I recently facilitated a local book launch event. I was honored to serve in that capacity because 1)I’m excited about all things literary, 2) the event was sponsored by my sorority, so of course, I said yes, and 3) I take a guilty pleasure in believing I was asked because I’m a writer (slight stroke to my ego).
The featured author was promoting her debut, self-published memoir. As a writer who would love to have a novel published, I was intrigued at learning her process. How did she secure an agent? What publishing history does she have? Why self-publish instead of traditionally publish? What else is she doing to promote her work?

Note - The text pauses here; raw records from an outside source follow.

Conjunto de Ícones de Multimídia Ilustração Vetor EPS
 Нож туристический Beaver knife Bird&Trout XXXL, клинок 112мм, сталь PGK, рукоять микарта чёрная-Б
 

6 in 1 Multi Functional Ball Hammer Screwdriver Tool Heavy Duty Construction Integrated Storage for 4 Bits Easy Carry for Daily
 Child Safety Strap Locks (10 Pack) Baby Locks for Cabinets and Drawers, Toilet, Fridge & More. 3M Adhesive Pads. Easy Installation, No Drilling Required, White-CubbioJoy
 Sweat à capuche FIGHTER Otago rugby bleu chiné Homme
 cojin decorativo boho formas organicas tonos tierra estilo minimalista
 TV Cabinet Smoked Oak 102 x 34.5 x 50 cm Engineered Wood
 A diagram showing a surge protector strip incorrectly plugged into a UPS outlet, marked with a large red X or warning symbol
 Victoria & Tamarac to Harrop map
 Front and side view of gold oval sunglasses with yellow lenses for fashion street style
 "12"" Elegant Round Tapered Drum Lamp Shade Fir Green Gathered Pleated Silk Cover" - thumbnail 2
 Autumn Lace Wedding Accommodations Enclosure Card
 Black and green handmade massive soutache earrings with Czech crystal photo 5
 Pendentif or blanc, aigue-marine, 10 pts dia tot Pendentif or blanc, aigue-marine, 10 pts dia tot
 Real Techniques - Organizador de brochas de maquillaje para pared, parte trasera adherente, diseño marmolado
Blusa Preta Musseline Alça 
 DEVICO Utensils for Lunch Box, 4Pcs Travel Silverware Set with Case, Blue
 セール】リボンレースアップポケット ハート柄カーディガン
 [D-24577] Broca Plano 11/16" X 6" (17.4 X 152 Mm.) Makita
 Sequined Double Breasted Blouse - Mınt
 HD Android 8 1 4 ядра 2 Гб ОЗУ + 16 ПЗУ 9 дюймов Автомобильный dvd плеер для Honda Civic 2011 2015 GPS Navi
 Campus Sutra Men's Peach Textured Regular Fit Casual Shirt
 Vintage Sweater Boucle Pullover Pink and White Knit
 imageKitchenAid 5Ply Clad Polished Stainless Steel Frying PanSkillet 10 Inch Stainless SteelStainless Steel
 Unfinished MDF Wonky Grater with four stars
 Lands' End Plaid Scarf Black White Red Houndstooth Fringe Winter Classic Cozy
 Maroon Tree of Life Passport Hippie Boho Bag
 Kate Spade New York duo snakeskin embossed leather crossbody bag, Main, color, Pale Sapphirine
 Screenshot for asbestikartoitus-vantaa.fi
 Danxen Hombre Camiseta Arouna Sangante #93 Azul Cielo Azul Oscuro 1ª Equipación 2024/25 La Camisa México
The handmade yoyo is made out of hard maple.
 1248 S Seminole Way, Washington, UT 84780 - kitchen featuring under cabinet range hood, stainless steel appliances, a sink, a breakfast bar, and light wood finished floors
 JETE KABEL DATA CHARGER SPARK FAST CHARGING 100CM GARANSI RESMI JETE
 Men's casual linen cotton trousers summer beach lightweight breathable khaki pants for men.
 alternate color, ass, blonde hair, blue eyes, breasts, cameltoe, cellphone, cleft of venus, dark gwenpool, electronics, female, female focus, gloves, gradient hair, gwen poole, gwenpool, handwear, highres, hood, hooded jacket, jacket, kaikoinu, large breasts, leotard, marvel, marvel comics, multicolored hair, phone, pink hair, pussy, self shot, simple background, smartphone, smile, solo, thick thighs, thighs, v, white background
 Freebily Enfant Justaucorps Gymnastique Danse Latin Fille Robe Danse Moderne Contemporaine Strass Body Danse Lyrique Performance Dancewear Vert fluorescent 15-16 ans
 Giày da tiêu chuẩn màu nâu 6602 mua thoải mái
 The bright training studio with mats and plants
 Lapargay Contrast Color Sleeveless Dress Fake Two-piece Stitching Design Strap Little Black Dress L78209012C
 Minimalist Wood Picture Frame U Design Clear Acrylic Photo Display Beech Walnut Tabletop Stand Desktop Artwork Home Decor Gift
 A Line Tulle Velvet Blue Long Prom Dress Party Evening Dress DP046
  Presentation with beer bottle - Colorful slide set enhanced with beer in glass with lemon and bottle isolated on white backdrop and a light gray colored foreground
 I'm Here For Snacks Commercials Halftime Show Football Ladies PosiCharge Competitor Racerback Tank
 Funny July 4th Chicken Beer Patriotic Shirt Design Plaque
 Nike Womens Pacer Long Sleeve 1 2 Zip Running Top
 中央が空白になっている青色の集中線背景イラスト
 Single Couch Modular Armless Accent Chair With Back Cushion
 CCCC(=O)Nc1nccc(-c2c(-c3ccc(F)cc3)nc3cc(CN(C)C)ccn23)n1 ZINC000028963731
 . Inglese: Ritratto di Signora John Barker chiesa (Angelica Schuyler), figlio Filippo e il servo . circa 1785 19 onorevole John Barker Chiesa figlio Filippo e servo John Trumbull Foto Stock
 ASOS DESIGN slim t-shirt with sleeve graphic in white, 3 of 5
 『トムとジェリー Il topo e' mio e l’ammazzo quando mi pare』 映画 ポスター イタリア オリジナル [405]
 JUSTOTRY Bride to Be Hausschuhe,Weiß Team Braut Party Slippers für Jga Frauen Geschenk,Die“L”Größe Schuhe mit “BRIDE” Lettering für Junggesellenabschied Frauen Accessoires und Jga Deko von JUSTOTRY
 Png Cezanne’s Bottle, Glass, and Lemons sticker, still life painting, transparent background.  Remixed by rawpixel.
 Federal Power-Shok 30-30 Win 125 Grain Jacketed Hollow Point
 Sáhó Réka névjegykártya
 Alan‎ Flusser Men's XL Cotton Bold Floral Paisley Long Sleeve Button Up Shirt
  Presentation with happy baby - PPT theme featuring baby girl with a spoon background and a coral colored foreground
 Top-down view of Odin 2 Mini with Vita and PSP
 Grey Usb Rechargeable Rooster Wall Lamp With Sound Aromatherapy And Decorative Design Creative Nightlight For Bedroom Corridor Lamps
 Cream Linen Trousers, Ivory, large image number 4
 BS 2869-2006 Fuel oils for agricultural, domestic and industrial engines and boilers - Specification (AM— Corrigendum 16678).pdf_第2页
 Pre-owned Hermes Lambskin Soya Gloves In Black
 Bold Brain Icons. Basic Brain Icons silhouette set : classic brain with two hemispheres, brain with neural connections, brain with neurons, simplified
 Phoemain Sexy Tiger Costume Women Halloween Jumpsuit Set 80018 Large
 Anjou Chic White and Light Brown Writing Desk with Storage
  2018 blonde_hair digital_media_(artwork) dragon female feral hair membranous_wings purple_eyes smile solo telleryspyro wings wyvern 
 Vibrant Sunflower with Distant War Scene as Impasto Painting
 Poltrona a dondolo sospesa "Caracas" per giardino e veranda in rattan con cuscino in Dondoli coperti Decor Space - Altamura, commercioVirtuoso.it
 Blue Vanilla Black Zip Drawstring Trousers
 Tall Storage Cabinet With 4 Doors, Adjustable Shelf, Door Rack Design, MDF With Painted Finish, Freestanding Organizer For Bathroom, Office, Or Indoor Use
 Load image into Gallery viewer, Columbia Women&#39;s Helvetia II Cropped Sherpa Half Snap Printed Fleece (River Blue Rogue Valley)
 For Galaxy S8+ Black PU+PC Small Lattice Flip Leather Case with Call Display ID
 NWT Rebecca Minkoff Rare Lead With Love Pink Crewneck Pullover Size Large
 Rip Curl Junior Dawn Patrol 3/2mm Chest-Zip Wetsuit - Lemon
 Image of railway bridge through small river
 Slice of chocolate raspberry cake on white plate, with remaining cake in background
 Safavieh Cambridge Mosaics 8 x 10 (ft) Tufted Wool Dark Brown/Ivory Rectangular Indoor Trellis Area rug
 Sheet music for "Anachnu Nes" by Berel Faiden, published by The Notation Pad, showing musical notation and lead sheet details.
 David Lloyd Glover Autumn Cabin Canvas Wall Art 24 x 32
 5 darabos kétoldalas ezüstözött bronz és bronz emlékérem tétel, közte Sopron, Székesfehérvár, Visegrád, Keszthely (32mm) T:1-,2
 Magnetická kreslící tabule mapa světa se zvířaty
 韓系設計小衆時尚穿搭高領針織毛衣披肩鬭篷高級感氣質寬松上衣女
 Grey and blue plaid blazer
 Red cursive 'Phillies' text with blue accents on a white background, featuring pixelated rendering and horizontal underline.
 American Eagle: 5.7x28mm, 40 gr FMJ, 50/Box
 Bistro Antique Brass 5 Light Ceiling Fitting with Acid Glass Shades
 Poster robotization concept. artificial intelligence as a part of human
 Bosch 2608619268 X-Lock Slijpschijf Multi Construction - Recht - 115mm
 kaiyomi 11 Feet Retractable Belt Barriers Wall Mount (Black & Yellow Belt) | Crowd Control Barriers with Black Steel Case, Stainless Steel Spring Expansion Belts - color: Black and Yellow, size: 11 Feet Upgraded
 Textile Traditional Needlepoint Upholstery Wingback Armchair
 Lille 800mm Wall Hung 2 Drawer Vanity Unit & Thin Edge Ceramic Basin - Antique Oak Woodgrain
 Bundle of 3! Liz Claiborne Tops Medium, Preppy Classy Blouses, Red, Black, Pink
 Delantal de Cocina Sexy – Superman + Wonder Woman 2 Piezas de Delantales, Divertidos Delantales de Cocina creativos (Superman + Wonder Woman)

I was not surprised to learn that she chose to self-publish. With so many platforms available, it’s easier than ever to get a book published without knowing how to even form a complete sentence (have you read some of the stuff out there? I have. It’s not pretty.) That’s not necessarily a bad thing. I mean, look at the publication journey of author Kimberla Lawson Roby. When the traditional route didn’t initially work for her, she set out on her own and is now a success with several titles under her belt, including the popular Reverend Black novels.
I was surprised to learn that my event’s author had no writing experience. Hadn’t had anything published, wasn’t an MFA graduate publishing her exit thesis. She just decided to write a book and put it out there.
Well so did I! Except the “put it out there” part. While self-publishing was the only option my event’s author considered, I’d done the traditional route: sending out queries, pitching to an agent. With a response to a full manuscript request pending, the amount of time my manuscript’s been in this particular publisher’s hands tells me it might be a “no”.
I used to think my reasons for traditional publishing were legitimate: a vetting of my work, an agent to guide me through the process, a publisher to do the bulk of marketing (well, that’s not true anymore!) because I know absolutely nothing about it.
But could I be wrong?
The author at the book launch seemed to have all of that… WITHOUT using the traditional roadmap! No critique groups or beta readers. No workshops or conferences. At the time of the launch, the manuscript was still in her editor’s hands. I was one of a handful of people who’d even read it. She had an agent, who appeared to be an entertainment publicist with connections. She already has engagements lined up throughout the summer to promote her book. In addition to the launch, she had a social media blitz where people could pre-order her book.
Well for one, she is a complete extrovert. Even with a gaggle of friends and family at the event, her personality sold it at the book launch. She also has a marketing background, something, along with an extroverted personality, can only benefit her with the promotional aspect of writing. And she knows people in other cities and states. People who believe in her work–even sight unseen– who would gladly host a book event in their area and/or spread the word to purchase the book.
So while I stood at the podium introducing this author and facilitating a Q&A during the night, I was both jealous and grateful. I’ve been working five years to get where she is, the whole time pounding the hypothetical pavement of getting shorts published, maintaining a social media presence and taking every opportunity to learn the craft. But I am grateful because I witnessed someone demonstrate the tenacity needed to be published. Forget having someone else judge whether her work is publishable. No middleman to vet her worth and talent as a writer. Just a desire to share her story with the world. I applaud her.
I’m not quite to the point that self-publishing is a viable option for me. But it could just be that I don’t know enough to actively pursue it. Maybe this event just could be the kick in the pants I need to start seriously considering an alternate route to joining Kimberla Lawson Roby on the best-seller list.